--- ABOUT THIS TASK ---
All that is wanted is the exact text of the lines below from the one with "-蚝堡海鲜·威海菜·海肠捞饭·烧烤·亚洲吃蚝公司(幸福门店)" through the one with "Explosionproof Pushbutton Control", inclusive, minus any pictures.

--- PROVIDED MATERIAL ---
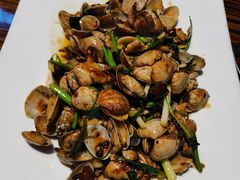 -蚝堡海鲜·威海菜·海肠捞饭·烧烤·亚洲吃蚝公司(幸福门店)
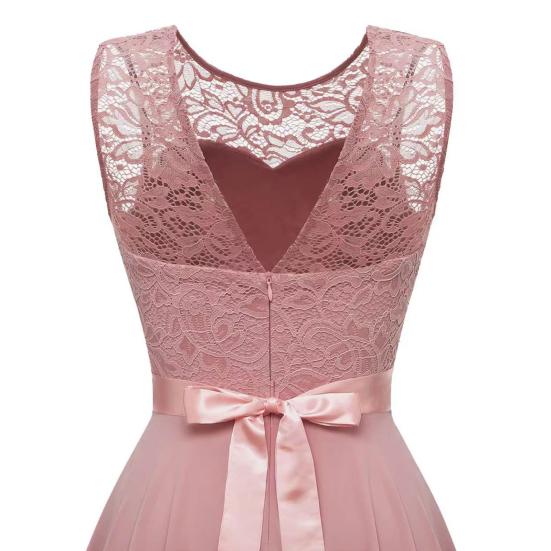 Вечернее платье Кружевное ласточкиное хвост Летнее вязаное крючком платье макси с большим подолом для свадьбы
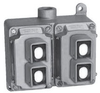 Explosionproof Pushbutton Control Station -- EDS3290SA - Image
* * *
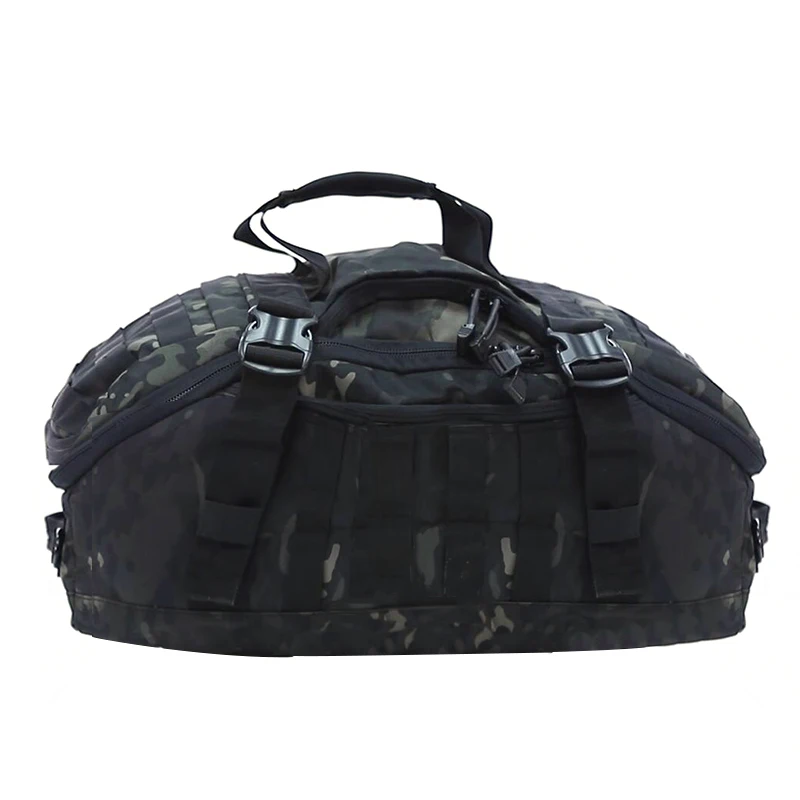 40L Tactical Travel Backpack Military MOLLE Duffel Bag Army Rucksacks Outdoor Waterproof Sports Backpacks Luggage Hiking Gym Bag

--- WORKED SOLUTION ---
 -蚝堡海鲜·威海菜·海肠捞饭·烧烤·亚洲吃蚝公司(幸福门店)
 Вечернее платье Кружевное ласточкиное хвост Летнее вязаное крючком платье макси с большим подолом для свадьбы
 Explosionproof Pushbutton Control Station -- EDS3290SA - Image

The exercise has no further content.